挑戰 Transformer！Mamba 的架構及實現（Pytorch）

**Mamba 一經出現就在人工智能界掀起波瀾，被吹捧爲 Transformer 的競爭對手。**到底是什麼讓 Mamba 在擁擠的序列建模中脫穎而出? 今天我們來詳細研究這篇論文《Mamba: 具有選擇性狀態空間的線性時間序列建模》

在介紹之前先簡要回顧一下現有的模型

Transformer: 以其注意力機制而聞名，其中序列的任何部分都可以動態地與任何其他部分相互作用，特別是具有因果注意力機制的的 Transformer，擅長處理序列中的單個元素。但是它們帶來了顯著的計算和內存成本，與序列長度的平方 (L²) 成比例。

循環神經網絡 (rnn): rnn 只考慮當前輸入和最後一個隱藏狀態，按順序更新隱藏狀態。這種方法允許它們潛在地處理無限序列長度和恆定的內存需求。但是 rnn 的簡單性是一個缺點，限制了它們記住長期依賴關係的能力。此外，rnn 中的時間反向傳播 (BPTT) 是內存密集型的，並且可能遭受梯度消失或爆炸的影響，儘管有 LSTM 等創新部分結解決了這個問題。

State Space Models(S4): 這些模型已經顯示出很好的特性。它們提供了一種平衡，比 rnn 更有效地捕獲遠程依賴關係，同時比 transformer 更高效地使用內存。

接下來 Manba 登場！

Mamba

選擇性狀態空間: Mamba 建立在狀態空間模型的概念之上，但引入了一個新的變化。它利用選擇性狀態空間，支持跨長序列更高效和有效地捕獲相關信息。

線性時間複雜度: 與 Transformer 不同，Mamba 在序列長度方面以線性時間運行。這個屬性使得它特別適合涉及非常長的序列的任務，而傳統模型在這方面會遇到困難。

Mamba 以其選擇性狀態空間的概念引入了傳統狀態空間模型的一個有趣的改進。這種方法稍微放鬆了標準狀態空間模型的嚴格狀態轉換，使其更具適應性和靈活性（有點類似於 lstm）。並且 Mamba 保留了狀態空間模型的高效計算特性，使其能夠在一次掃描中執行整個序列的前向傳遞 - 這一特性更讓人想起 Transformer。

在訓練期間，Mamba 的行爲類似於 Transformer，同時處理整個序列。而 lstm 必須一步一步地計算前向傳遞，即使所有輸入都是已知的。在推理中，Mamba 的行爲更符合傳統的循環模型，提供有效的序列處理。

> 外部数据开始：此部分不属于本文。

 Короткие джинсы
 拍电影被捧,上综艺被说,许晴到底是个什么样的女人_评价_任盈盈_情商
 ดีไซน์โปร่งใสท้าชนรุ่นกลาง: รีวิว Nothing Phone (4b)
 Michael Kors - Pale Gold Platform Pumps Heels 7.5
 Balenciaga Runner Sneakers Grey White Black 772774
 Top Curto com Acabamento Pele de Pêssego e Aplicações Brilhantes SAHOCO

先驗狀態空間模型 (ssm) 的一個關鍵限制是其剛性的、輸入不變的結構。這些模型爲整個序列使用一組固定參數(我們稱它們爲 a 和 B)。這種結構甚至比 lstm 等模型更具限制性，在 lstm 中，信號的轉換可能依賴於先前的隱藏狀態和輸入。

Mamba 則一種範式轉換，即如何計算向下一個隱藏狀態的過渡？在 Mamba 的體系結構中，轉換依賴於當前輸入，這種方法在傳統 ssm 的固定計算和循環神經網絡的輸入依賴動態性之間取得了平衡。

主要組成如下：

固定主幹: 從一個隱藏狀態到下一個隱藏狀態的轉換仍然是一個固定的計算 (由 a 矩陣定義)，允許跨序列的預計算。

輸入相關轉換: 輸入影響下一個隱藏狀態 (由 B 矩陣定義) 的方式取決於當前輸入，而不是之前的隱藏狀態。與傳統 ssm 相比，這種輸入依賴性提供了更大的靈活性。

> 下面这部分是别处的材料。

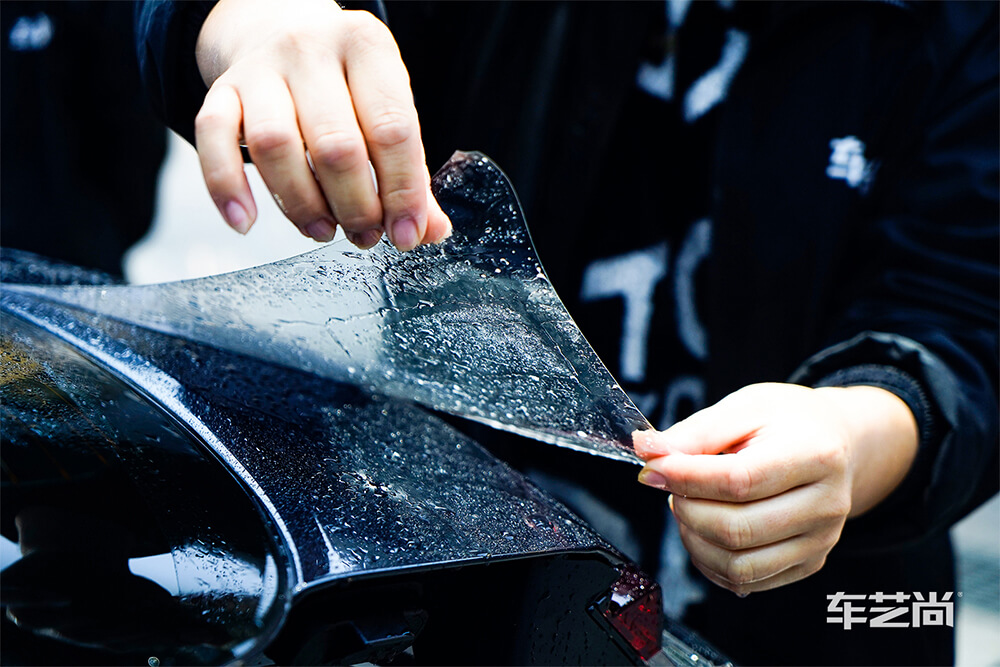 保时捷帕拉梅拉装贴龙膜LLumar隐形车衣专业贴膜（4）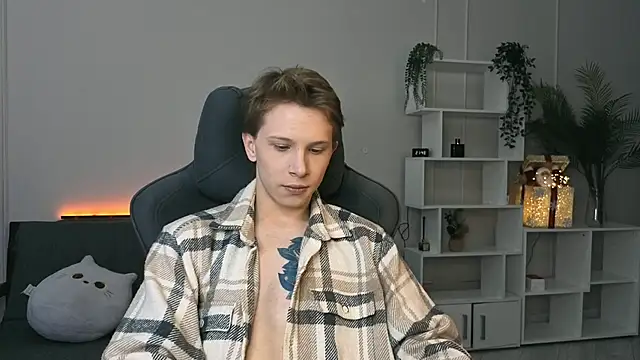 Snapshot of arlekincrop chatting on 01-15-26, 04:44 arlekincrop online show from 01-15-26, 04:44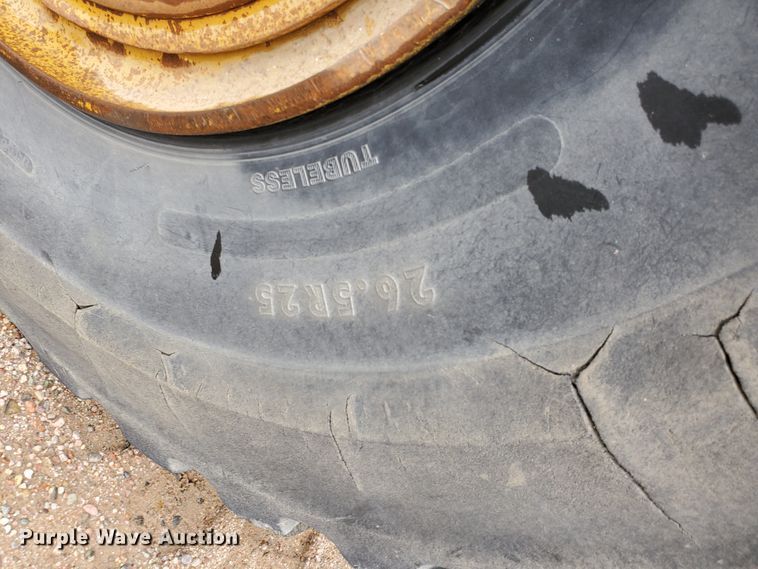 image for item GM9263 1994 John Deere 744E  wheel loader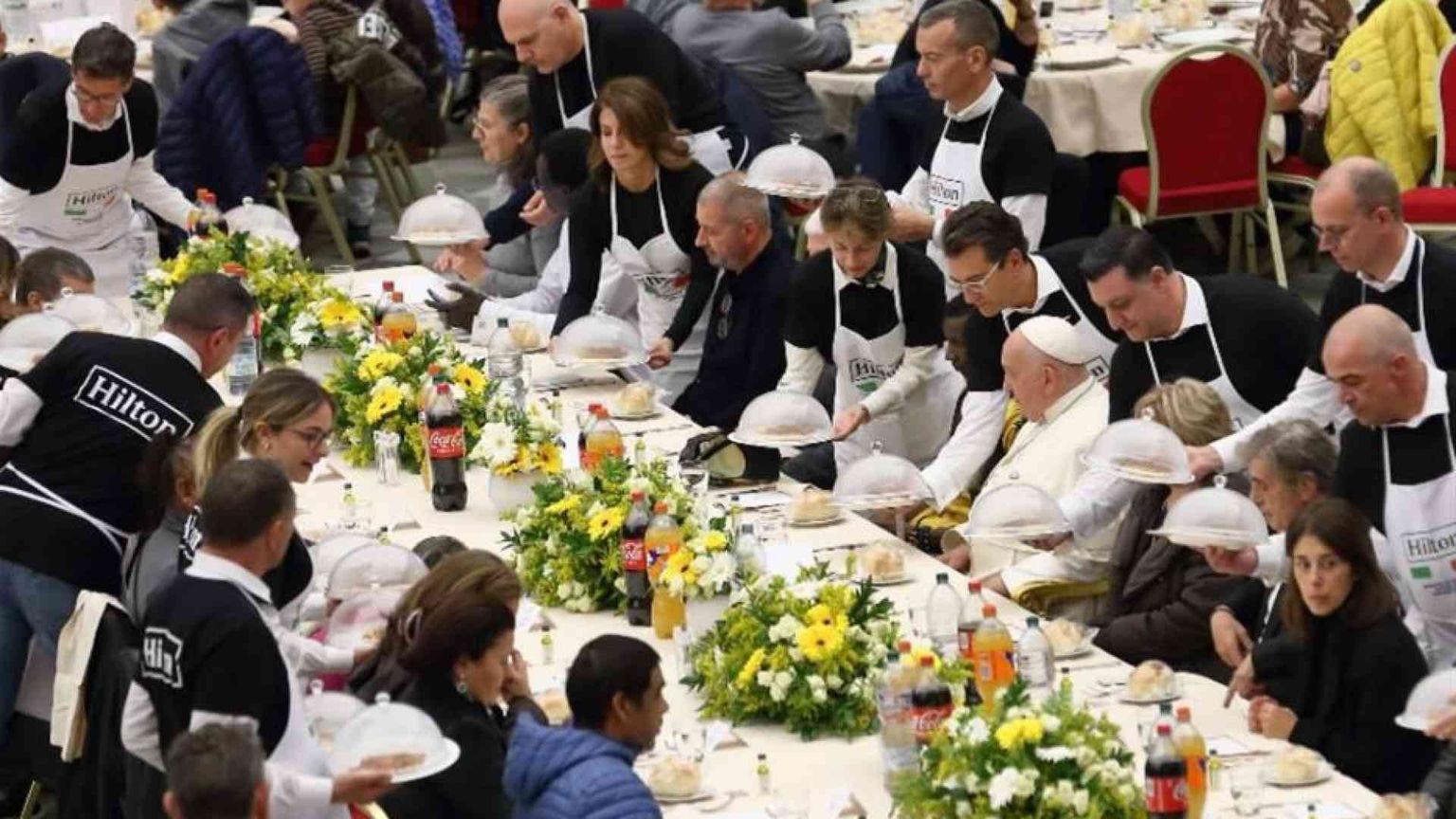 Il Papa pranza in Vaticano con 1300 bisognosi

爲了滿足這種方法的計算需求，Mamba 使用了一種硬件感知算法。該算法使用掃描操作而不是卷積來循環執行計算，這樣在 gpu 上非常高效的。儘管輸入依賴轉換帶來了算法複雜性，但這種效率對於保持高性能至關重要。

Mamba 和選擇性狀態空間模型不是同義詞。Mamba 是一個使用選擇性狀態空間概念的實現。這種區別是至關重要的，因爲它突出了 Mamba 的獨特貢獻: 在保持計算效率的同時，使 SSM 框架更加靈活和響應輸入。

SRAM 和 HBM

gpu 包含兩種主要類型的內存: HBM (High Bandwidth memory) 和 SRAM (Static Random-Access memory)。HBM 雖然帶寬很高，但與更快但更小的 SRAM 相比，它的訪問時間相對較慢。Mamba 則使用 SRAM 在矩陣乘法期間進行快速訪問，這是其計算的關鍵。

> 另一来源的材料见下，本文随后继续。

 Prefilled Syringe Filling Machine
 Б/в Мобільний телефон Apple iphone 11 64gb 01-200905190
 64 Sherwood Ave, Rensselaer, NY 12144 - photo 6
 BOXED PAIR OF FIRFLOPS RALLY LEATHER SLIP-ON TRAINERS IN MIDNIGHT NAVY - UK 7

計算中的主要瓶頸通常不是計算本身，而是數據在內存類型之間的移動。Mamba 通過顯著減少傳輸大量數據的需求來解決這個問題。它通過直接在 SRAM 中執行算法的關鍵部分 (如離散化和遞歸計算) 來實現，從而減少延遲。

還引入了一個融合選擇掃描層，使其內存需求與使用 flash attention 的優化 Transformer 實現相當。這一層對於保持效率至關重要，尤其是在處理模型中依賴於輸入的元素時。

結果

Mamba 代表了序列建模的重大進步，特別是在其高效使用 GPU 內存和計算策略方面。它具有高效率處理長序列的能力，使其成爲各種應用的有前途的模型，我們下面來使用 Pytorch 代碼來對其進復現。

Pytorch 復現

導入基本庫

 import torch
 import torch.nn as nn
 import torch.optim as optim
 from torch.utils.data import DataLoader, Dataset
 from torch.nn import functional as F
 from einops import rearrange
 from tqdm import tqdm
 
 import math
 import os
 import urllib.request
 from zipfile import ZipFile
 
 from transformers import AutoTokenizer
 
 torch.autograd.set_detect_anomaly(True)

設置標誌和超參數

 # Configuration flags and hyperparameters
 USE_MAMBA = 1
 DIFFERENT_H_STATES_RECURRENT_UPDATE_MECHANISM = 0
 
 device = torch.device('cuda' if torch.cuda.is_available() else 'cpu')

定義超參數和初始化

 d_model = 8
 state_size = 128 # Example state size
 seq_len = 100 # Example sequence length
 batch_size = 256 # Example batch size
 last_batch_size = 81 # only for the very last batch of the dataset
 current_batch_size = batch_size
 different_batch_size = False
 h_new = None
 temp_buffer = None

這裏的超參數，如模型維度 (d_model)、狀態大小、序列長度和批大小。

S6 模塊是 Mamba 架構中的一個複雜組件，負責通過一系列線性變換和離散化過程處理輸入序列。它在捕獲序列的時間動態方面起着關鍵作用，這是序列建模任務 (如語言建模) 的一個關鍵方面。這裏包括張量運算和自定義離散化方法來處理序列數據的複雜需求。

 class S6(nn.Module):
     def __init__(self, seq_len, d_model, state_size, device):
         super(S6, self).__init__()
 
         self.fc1 = nn.Linear(d_model, d_model, device=device)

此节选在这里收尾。